Pourtant, jamais le pinceau de Poussin n'avait libéré une force érotique telle que celle qui se dégageait de l'image de ce guerrier grec endormi. Je pensai surtout au tableau qui a valu l'essentiel de sa renommée posthume à Hippolyte Flandrin, mais avec la différence que ce qui, dans le fameux portrait du jeune homme nu assis au bord de la mer, est contenu, replié sur soi, était ici ouvert, dégagé, presque rayonnant. Le sommeil du personnage de la peinture n'avait rien de mystérieux ou de caché ; totalement détendu, il paraissait inviter le spectateur à se joindre à la félicité étalée là avec la plus grande simplicité.
Grand frère, mon dieu tutélaire,semblait-t-il murmurer à mon intention,veille sur moi pendant que je dors. Protège ma jeunesse de ton regard bienveillant.
Afin d'éviter à mon lecteur (inculte ) d'avoir à invoquer l'omniscience des dieux du Web, voici une reproduction du tableau d'Hippolyte Flandrin que j'évoque. Je précise aussi que, malgré mes sarcasmes, je n'ai rien contre les préraphaélites : au contraire, ils conviennent tout à fait aux incultes comme moi qui ne savent pas toujours apprécier les impressionnistes à leur juste valeur ; je renvoie à ArtMagick pour toutes sortes de reproductions (notamment d'Alma-Tadema, de Burne-Jones et de toutes sortes d'autres ; j'ai pour ma part un faible pour l'illuminé John Martin).
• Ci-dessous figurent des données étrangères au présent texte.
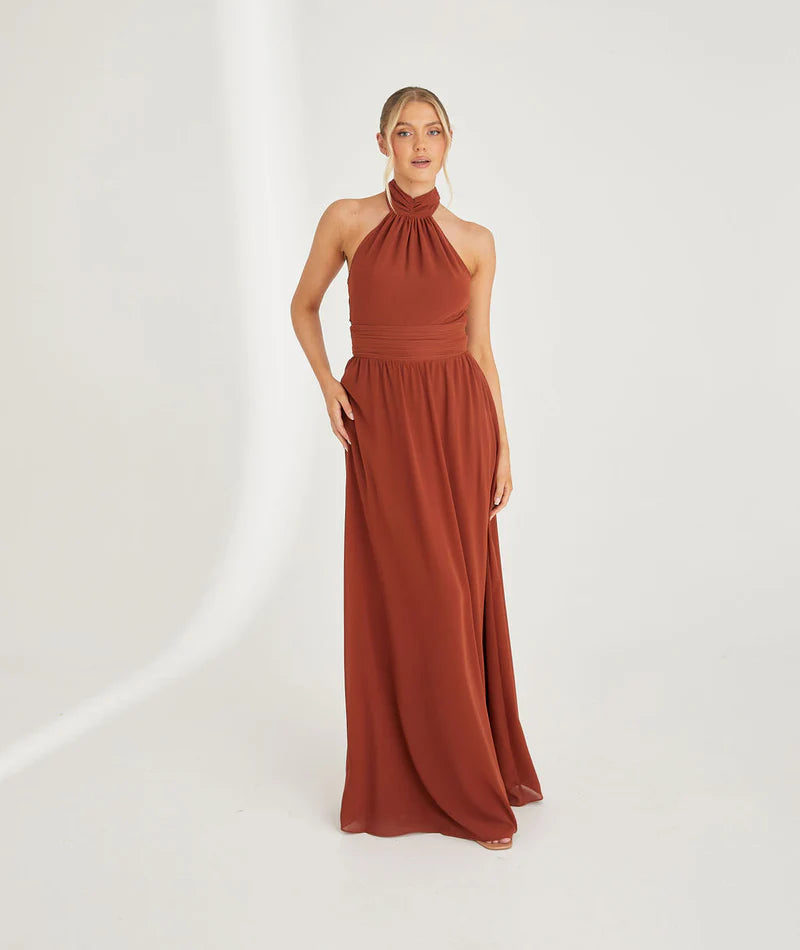 Woman wearing a rust-colored halter neck chiffon bridesmaid dress on a white background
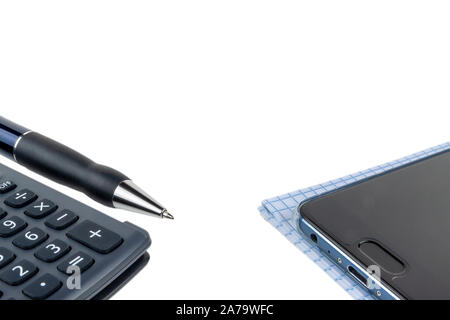 Automatic pen, calculator, notebook, phone on a white background close-up. Stock Photo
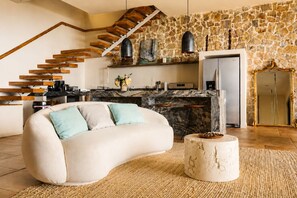 Ein stilvoller Wohnraum mit einer gebogenen Couch, einer Steinwand, einer Küche mit einer Marmorinsel und einer Treppe mit Holzbalken.
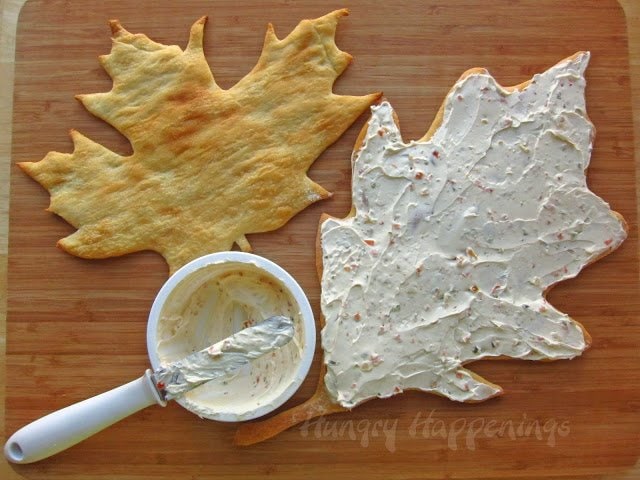 veggie cream cheese spread over one of the leaf-shaped crusts.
Quant à l'idée exprimée par le premier paragraphe, elle n'est
certainement pas de moi, et je l'ai retrouvée à diverses reprises et
sous diverses formes : je me rappelle notamment avoir été frappé par
un commentaire
de George Orwell sur l'œuvre poétique de Rudyard Kipling qui
en expliquait le succès et la force justement par le fait qu'il écrit
de la good bad poetry
.
Enfin, je laisse les docteurs en psychologie du David Madore deviner si le choix du thème de la peinture a été influencé par la dernière nouvelle lune.